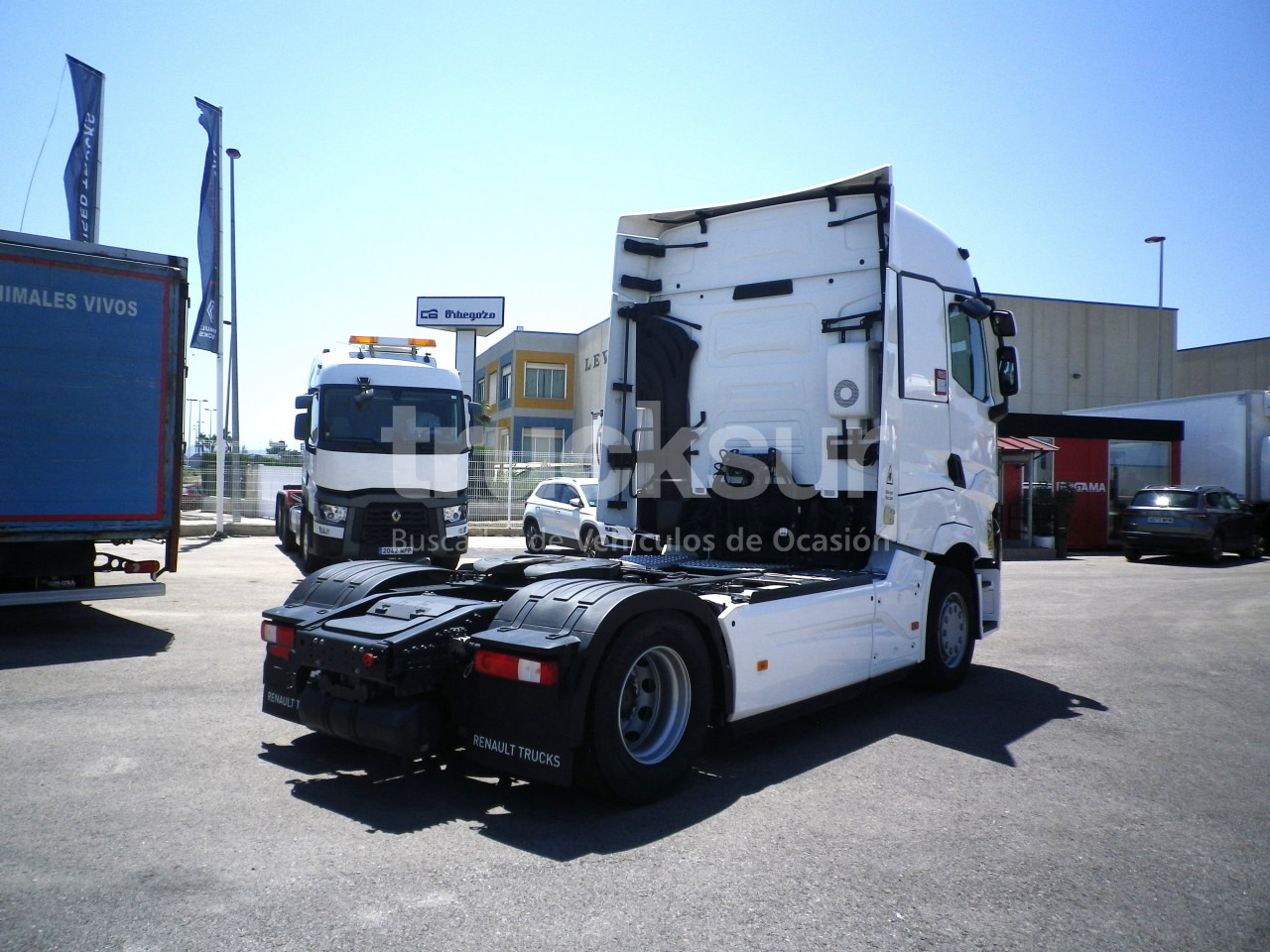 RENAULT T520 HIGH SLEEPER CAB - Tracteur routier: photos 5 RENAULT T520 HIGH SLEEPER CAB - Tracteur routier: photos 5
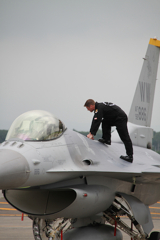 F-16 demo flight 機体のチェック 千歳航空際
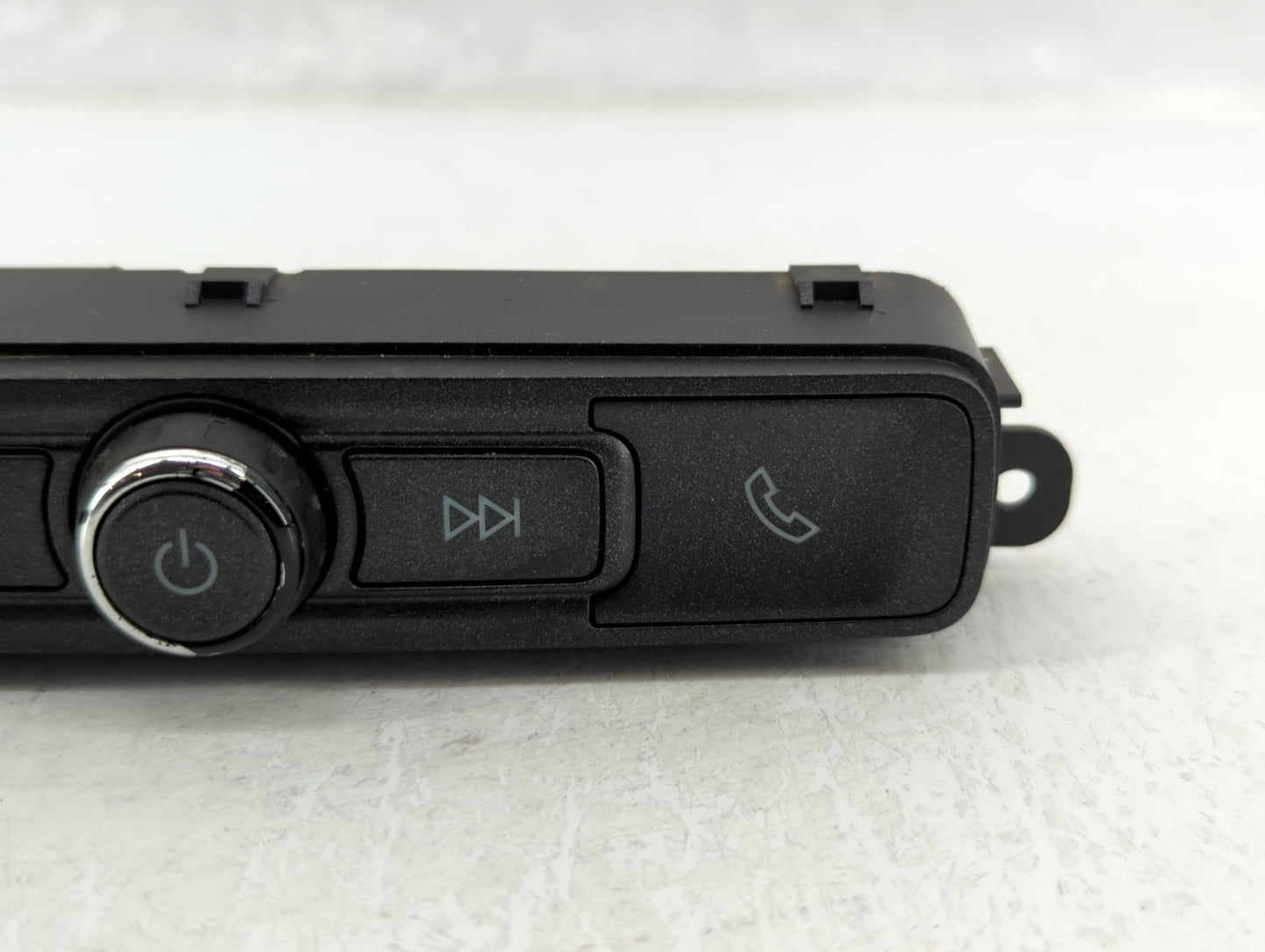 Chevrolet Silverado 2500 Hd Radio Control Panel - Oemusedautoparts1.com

**Task item:** All of the data must be repeated exactly, except for the pictures.

**Answer box:**
 RENAULT T520 HIGH SLEEPER CAB - Tracteur routier: photos 5 RENAULT T520 HIGH SLEEPER CAB - Tracteur routier: photos 5
 F-16 demo flight 機体のチェック 千歳航空際
 Chevrolet Silverado 2500 Hd Radio Control Panel - Oemusedautoparts1.com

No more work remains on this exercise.